(Beginning of RECORD EXCERPTS)

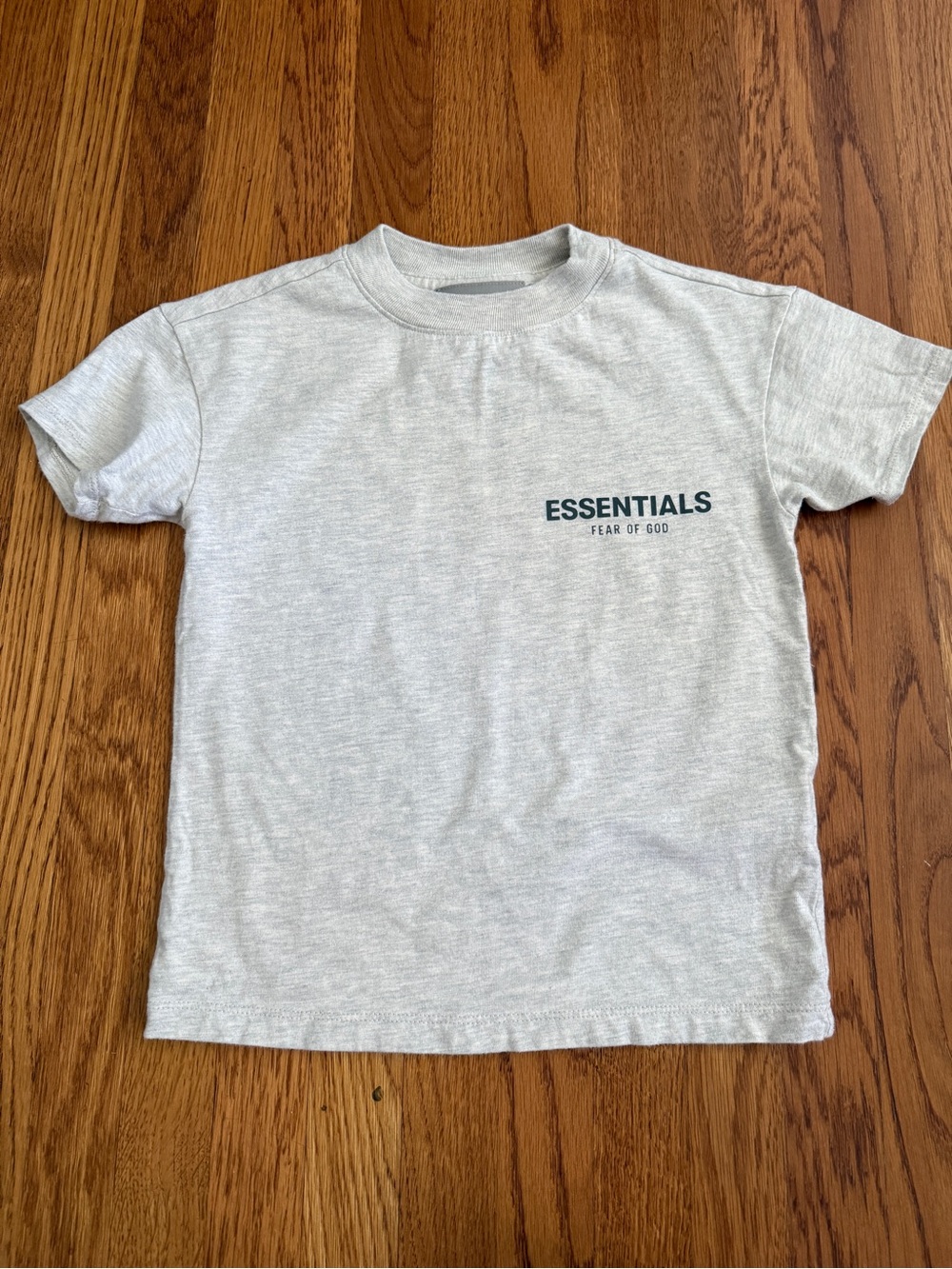 Essentials Fear of God kids gray tshirt 6/7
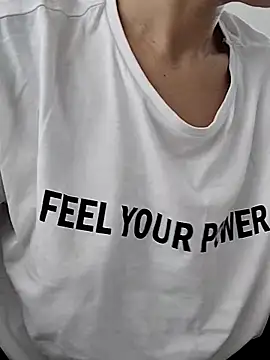 Snapshot of BUSE8821 chatting on 09.25.25 BUSE8821 online show from 09.25.25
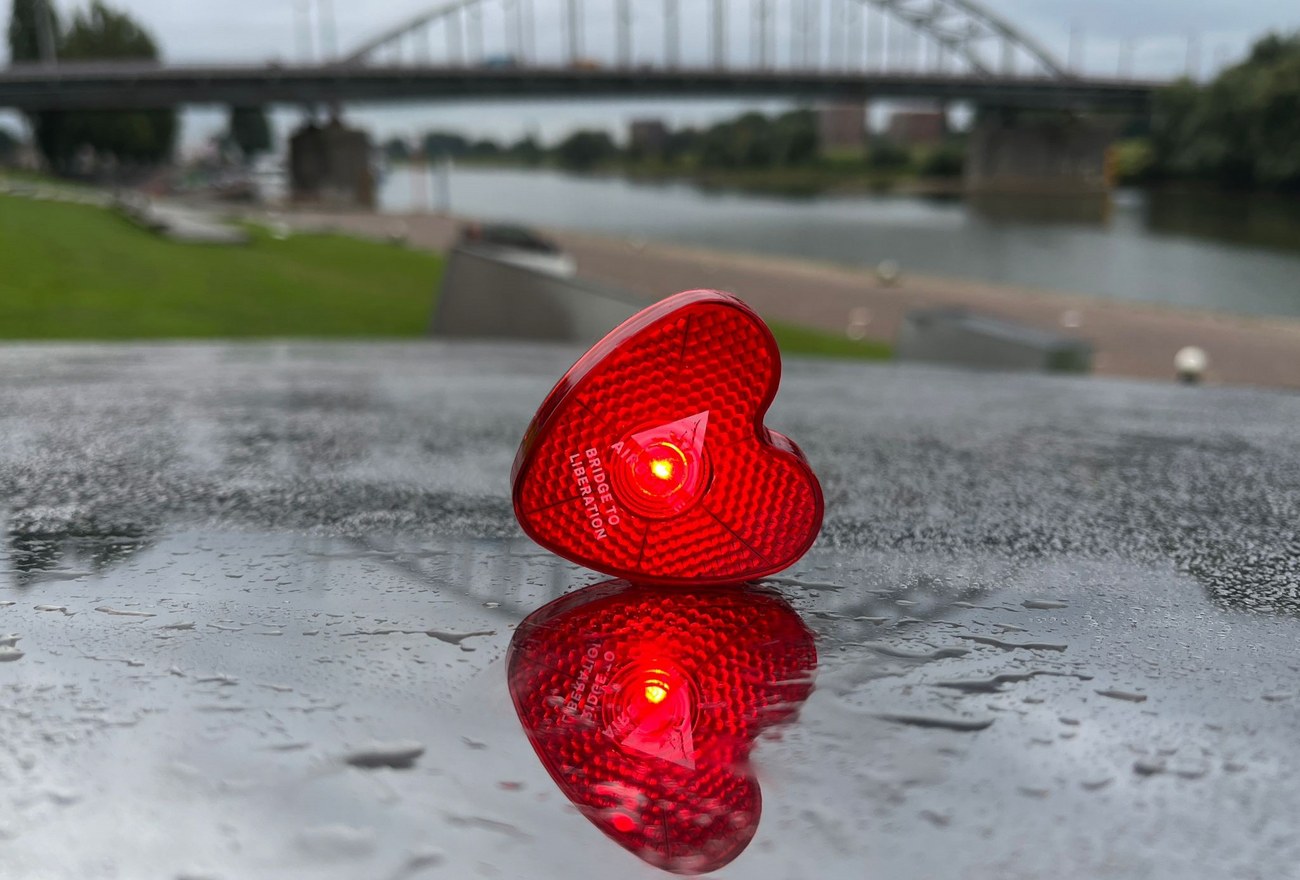 Hartjeslicht ligt op tafel met op de achtergrond de John Frostbrug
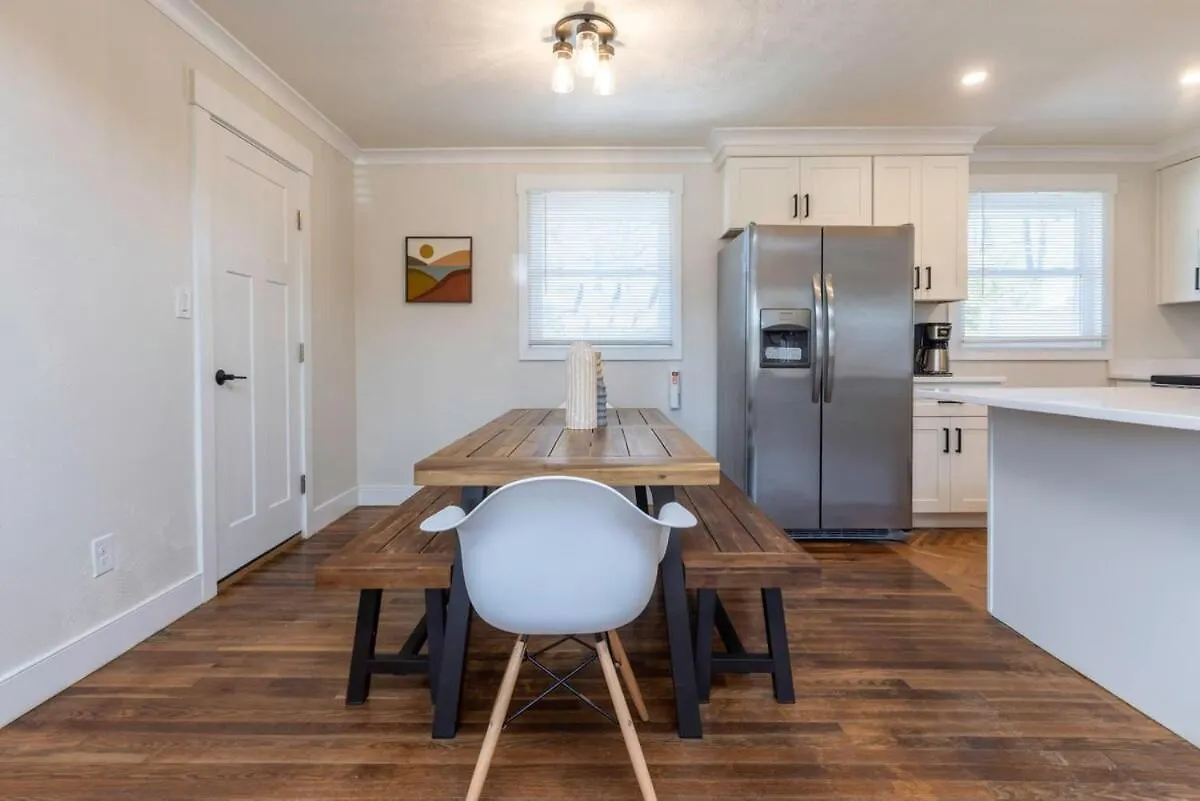 Holiday home The Beach Vibe With Hot Tub 8 Min To The Beach Virginia Beach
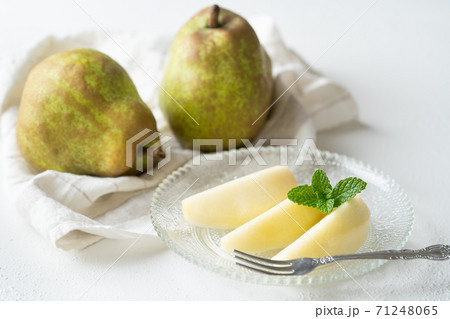 切り分けた洋梨（山形県産） 71248065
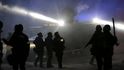 Pokračují protesty ve Fergusonu i dalších městech USA proti rozhodnutí poroty neobvinit policistu z vraždy černošského mladíka. Pokračují protesty ve Fergusonu i dalších městech USA proti rozhodnutí poroty neobvinit policistu z vraždy černošského mladíka.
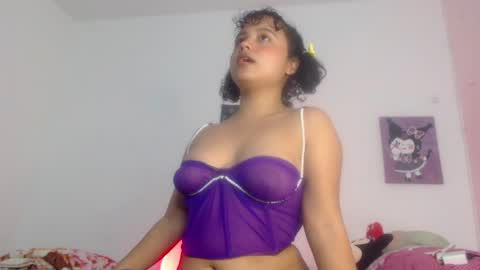 lou_cuteee online show from January 28, 1:50 am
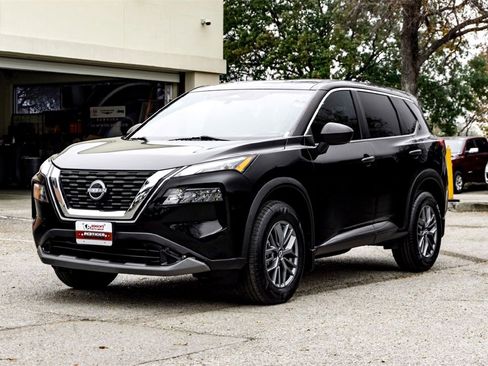 Used 2022 Nissan Rogue S image 9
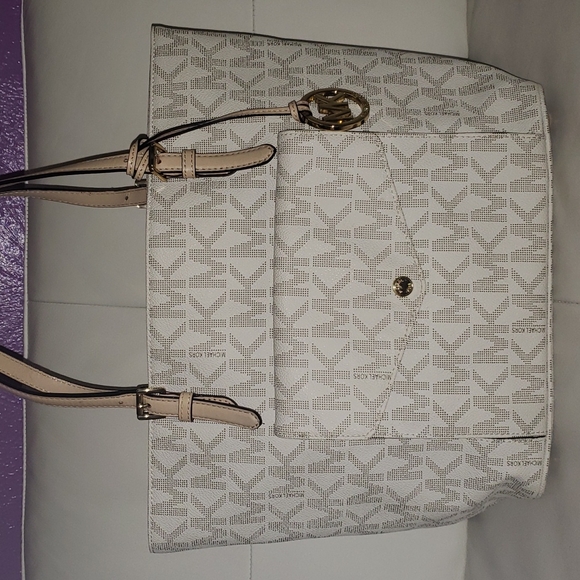 Michael Kors Handbags - Michael Kors Tote bag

(End of RECORD EXCERPTS)

INSTRUCTIONS FOR THE TASK =
Return the records above exactly as written, but without any of the pictures.

WRITTEN RESPONSE =
 Essentials Fear of God kids gray tshirt 6/7
 Snapshot of BUSE8821 chatting on 09.25.25 BUSE8821 online show from 09.25.25
 Hartjeslicht ligt op tafel met op de achtergrond de John Frostbrug
 Holiday home The Beach Vibe With Hot Tub 8 Min To The Beach Virginia Beach
 切り分けた洋梨（山形県産） 71248065
 Pokračují protesty ve Fergusonu i dalších městech USA proti rozhodnutí poroty neobvinit policistu z vraždy černošského mladíka. Pokračují protesty ve Fergusonu i dalších městech USA proti rozhodnutí poroty neobvinit policistu z vraždy černošského mladíka.
 lou_cuteee online show from January 28, 1:50 am
 Used 2022 Nissan Rogue S image 9
 Michael Kors Handbags - Michael Kors Tote bag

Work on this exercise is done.